Die Wissenschaft ist sehr fluide, sie wechselt oft in ihren Erklärungen und arbeitet mit Wahrscheinlichkeiten. Man sollte in der Wissenschaftskommunikation also keine falschen Erwartungen mit Wissenschaft und Forschung verbinden. Vor allem in polarisierten Debatten ist es ein Problem, wenn Studien herangezogen werden, die eindeutig die eigene Haltung belegen sollen, auch, wenn sie unter genauer Betrachtung gar nicht so eindeutig sind. Forschende sollten sich ihrer politischen Verantwortung und der gesellschaftlichen Dimension ihrer Forschung bewusst sein und vermeiden, emotionalisierend, ausgrenzend oder eben aktivistisch aufzutreten. Dies kann Polarisierungseffekte und Verschwörungsmythen verstärken. Insofern bin ich für ein politisches Bewusstsein in der Forschung, aber gegen Aktivismus. Das ist oftmals ein schmaler Grat.
Wie kann die Wissenschaftskommunikation dazu beitragen, diesen Polarisierungseffekten entgegenzutreten und einen produktiven Dialog zwischen Wissenschaft und Öffentlichkeit zu ermöglichen?

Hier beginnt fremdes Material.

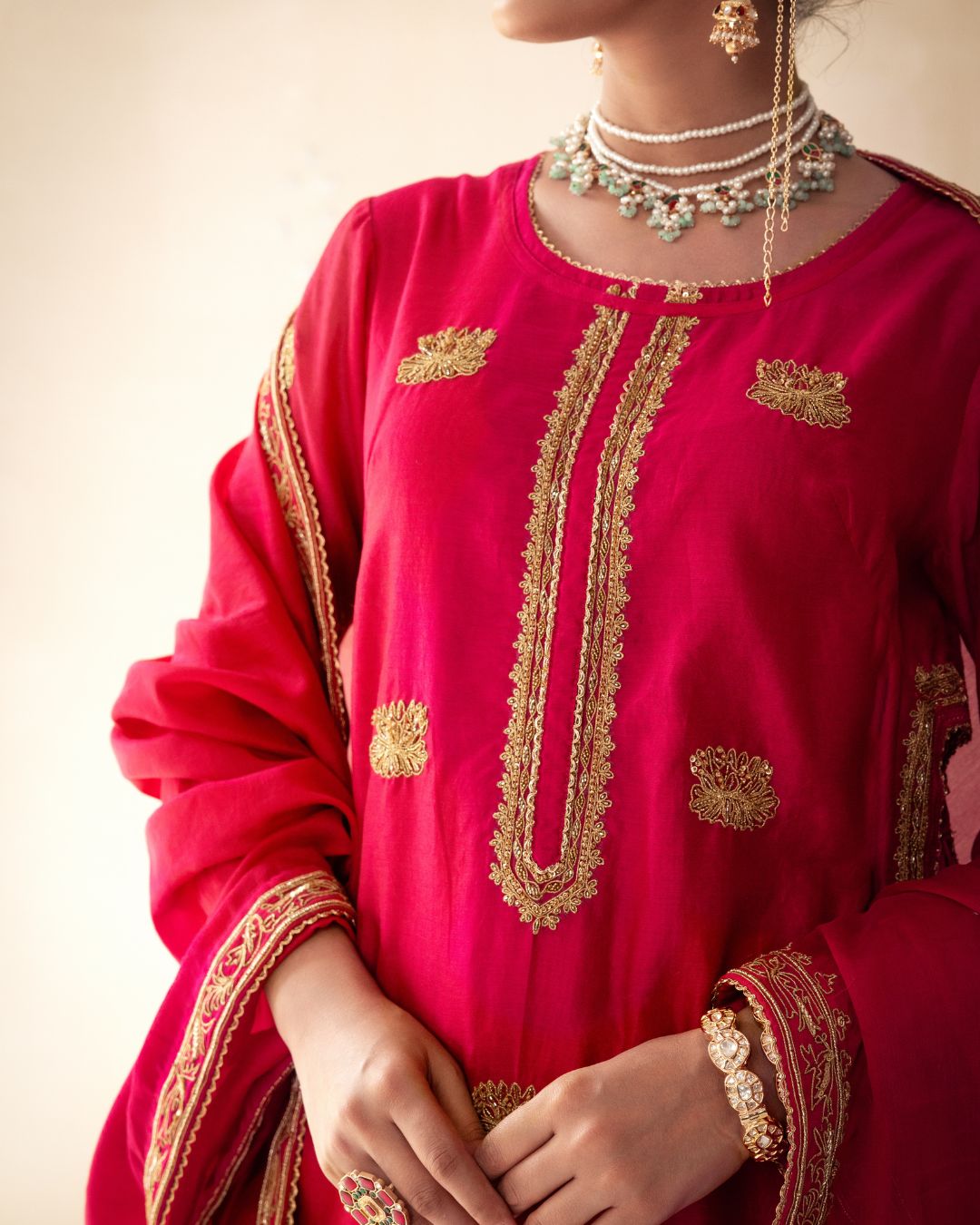 Pink Chanderi Skirt with Kurta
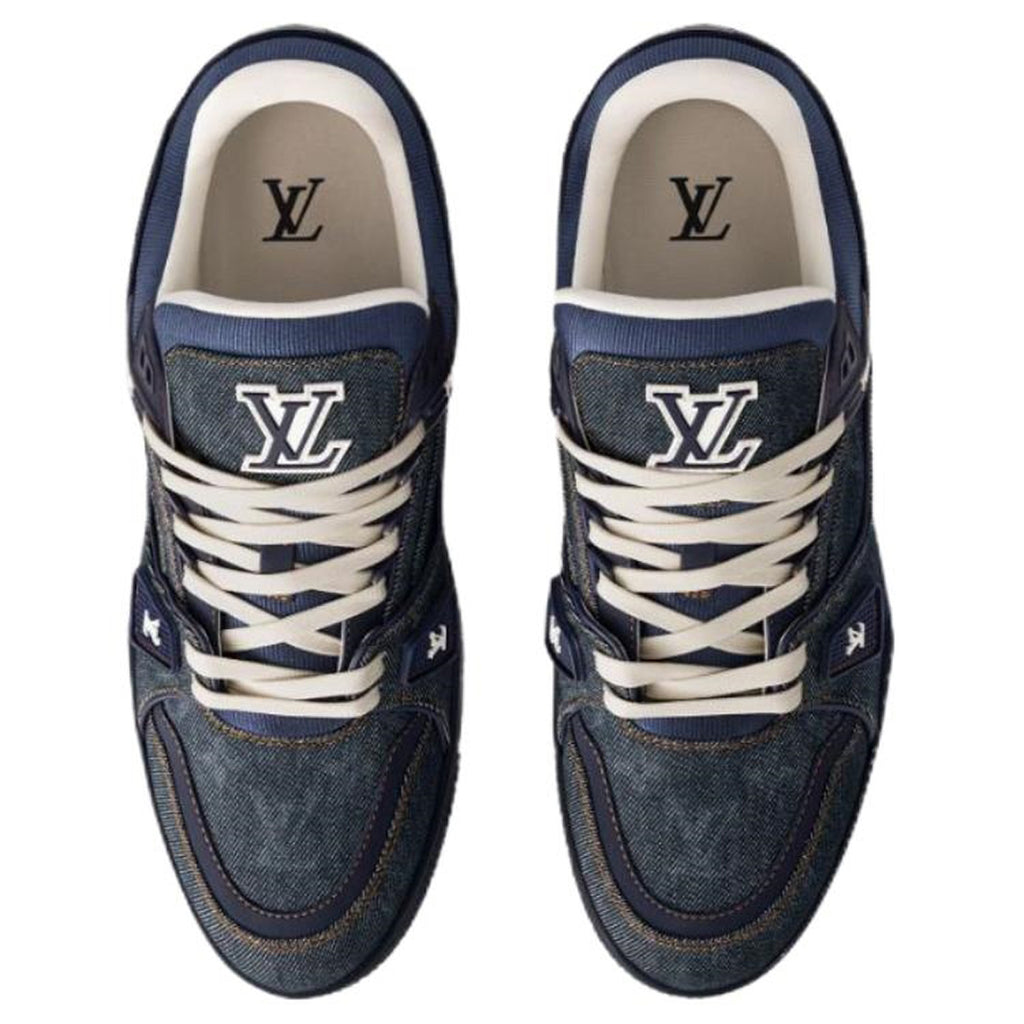 Louis Vuitton Trainer Men's Navy Denim Low-Top Sneakers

Zunächst einmal sollte sie keine Wissenschafts-PR sein, da PR eher das Misstrauen gegen Wissenschaft stärkt. Wissenschaftskommunikation sollte offen mit der Unsicherheit wissenschaftlicher Erkenntnis umgehen. Deshalb ist die Stärkung von „Scientific Literacy“, also eines grundlegenden Verständnisses naturwissenschaftlicher Zusammenhänge und wissenschaftlicher Verfahren, in der Gesellschaft eine zentrale Aufgabe, in der die Wissenschaftskommunikation eine wichtige Rolle einnehmen kann. Und dabei ist eben auch der Gedanke von Pluralität, Offenheit, ständiger Veränderung und Weiterentwicklung von Wissen zentral. Erhebliche Defizite hat man in dieser Hinsicht während der Corona-Pandemie gesehen, da oft die Neigung vorherrschte, eine einzelne Studie als „die Wahrheit“ zu verkünden, die man dann kurze Zeit später wieder relativieren musste. Das hat das Potential, die Bevölkerung zu irritieren.2
In dem Sinne ist eine wichtige Aufgabe von Wissenschaftskommunikation, den Prozesscharakter von Forschung offen zu kommunizieren. Diesen Auftrag sollten wir ernster nehmen, statt der Neigung nachzugeben, Ergebnisse zu feiern und als Durchbrüche zu inszenieren. Damit wird nur verdeckt, dass Wissenschaft immer ein Wechselspiel zwischen Sicherheit und Unsicherheit darstellt. Ein weiterer wichtiger Punkt: Diskursräume zu eröffnen. Wie können Veranstaltungen aussehen, die Dialog ermöglichen? Und wie können Dialogräume aussehen, die nicht nur wissenschaftsaffine Menschen erreichen? Ich kann durch die Ortswahl sehr stark den Dialog eröffnen oder eben auch einschränken. So haben wir im RHET AI Center beobachten können: Wenn man eine Lesereihe zum Thema Künstliche Intelligenz in einem Gartencafé macht, dann ist viel mehr Dialog zu finden, als wenn man sich in einen klassischen Veranstaltungsraum begibt.
Ein weiterer wichtiger Aspekt ist die Perspektivenübernahme, sich also damit zu befassen, wie weit viele Menschen davon entfernt sind, sich in ihrem alltäglichen Leben mit wissenschaftlichen Themen auseinanderzusetzen. Auch da ist die Wissenschaftskommunikation oft etwas verblendet, da wir vielen Menschen ein gewisses Grundinteresse an Wissenschaft unterstellen. Insofern haben neue Formate der Wissenschaftskommunikation auch viel damit zu tun, aus der eigenen Perspektive herauszutreten und die eigenen Selbstverständlichkeiten zu hinterfragen.